San Mateo County Again Claims Adding Lanes Reduces Pollution and Congestion

What's it going to take to get traffic engineers and politicians to stop lying about widening?

Highway 101. Photo: TransForm

Note: GJEL Accident Attorneys regularly sponsors coverage on Streetsblog San Francisco and Streetsblog California. Unless noted in the story, GJEL Accident Attorneys is not consulted for the content or editorial direction of the sponsored content.

The San Mateo County Transportation Authority released a statement Monday celebrating that their board had approved "$135.9 million for Projects to Reduce Traffic Congestion and Improve Safety on San Mateo County Highways."

“We are excited to approve this funding,” said TA Board Chair Rico E. Medina in the statement about last Thursday's vote. “It’s a testament to our commitment to the county and our multi-modal strategy. The safety of our highways and improving transit accessibility for all continue to be our priority.”

More like it's a commitment to continue wasting money on pointless road widenings. "'Reduce congestion and improve safety' despite their own consultants saying that widenings don't work?" wrote Mike Swire, Peninsula advocate and a member of the SMCTA Citizen Advisory Committee, in an email to Streetsblog about the press release.

A few of the projects that were approved and their price tags:

  • City of Redwood City, US 101/Woodside Road (SR 84) Interchange: $78,861,000
  • SMCTA and C/CAG, US 101/SR 92 Area Improvements: $18,338,000
  • SMCTA and C/CAG US 101 Managed Lanes Project North of I-380: $21,500,000

As Streetsblog has covered before, with Swire's assistance, SMCTA continues to sell road widenings under other names. And they continue to claim that these widenings, notably of 101, are actually transit and/or environmental projects because they're adding a carpool lane or a ramp improvement or an "auxiliary lane." In a previous post, Swire highlighted how Monique Fuhrman, Deputy Policy Program Manager with HNTB, which worked on a previous round of 101 widening, even admitted that traffic levels were already "getting back to the way we were before."

Only three of the dozen or so projects that were approved are for cyclists and pedestrians. These include:

  • City of Menlo Park, Willow Road Pedestrian and Bicycle Safety Improvements: $3,750,000
  • Town of Colma/SSF, El Camino Real Bicycle and Pedestrian Improvement Project: $2,295,000
  • City of Millbrae, El Camino Real Corridor Multi-Modal Project: $1,530,000

These projects are welcome, of course. But, once again, a major transportation agency is funneling the vast majority of its funds and project resources to making more space for cars. "Look at the money. The big bucks go to car-focused projects," said Swire.

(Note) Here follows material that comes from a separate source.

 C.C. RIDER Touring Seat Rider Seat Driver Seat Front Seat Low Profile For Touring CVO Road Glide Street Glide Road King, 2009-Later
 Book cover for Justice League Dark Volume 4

He added that some of the funds go to preliminary work towards widening 101 north of 380, a project he's been fighting and one which will ultimately cost "hundreds of millions."

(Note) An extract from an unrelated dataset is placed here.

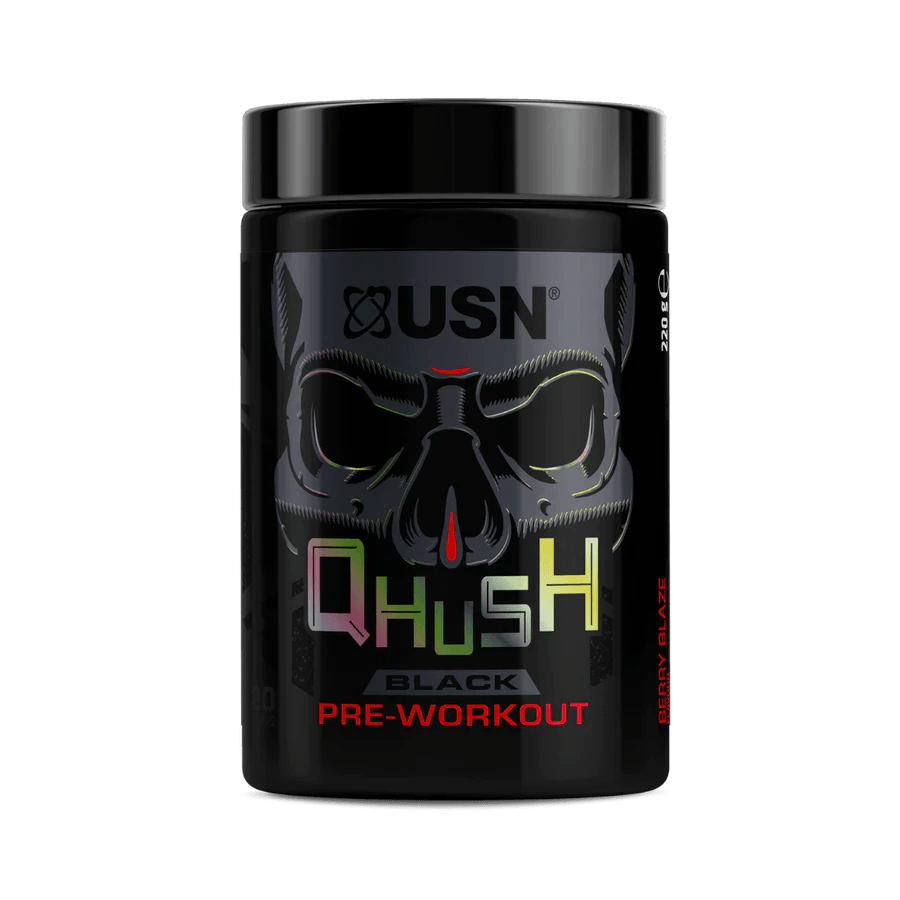 USN Pre Workout Qhush - (3 вкуса) 220 г - theskinnyfoodco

Often so-called improvements for cycling aren't really that anyway: they're just a way to greenwash another environmentally destructive project.

Either way, it's infuriating to once again see a California transportation agency repeating the lie that widening a road will "reduce traffic congestion and improve safety." But it seems to be their only justification for these expenditures in a time of record temperatures and traffic violence.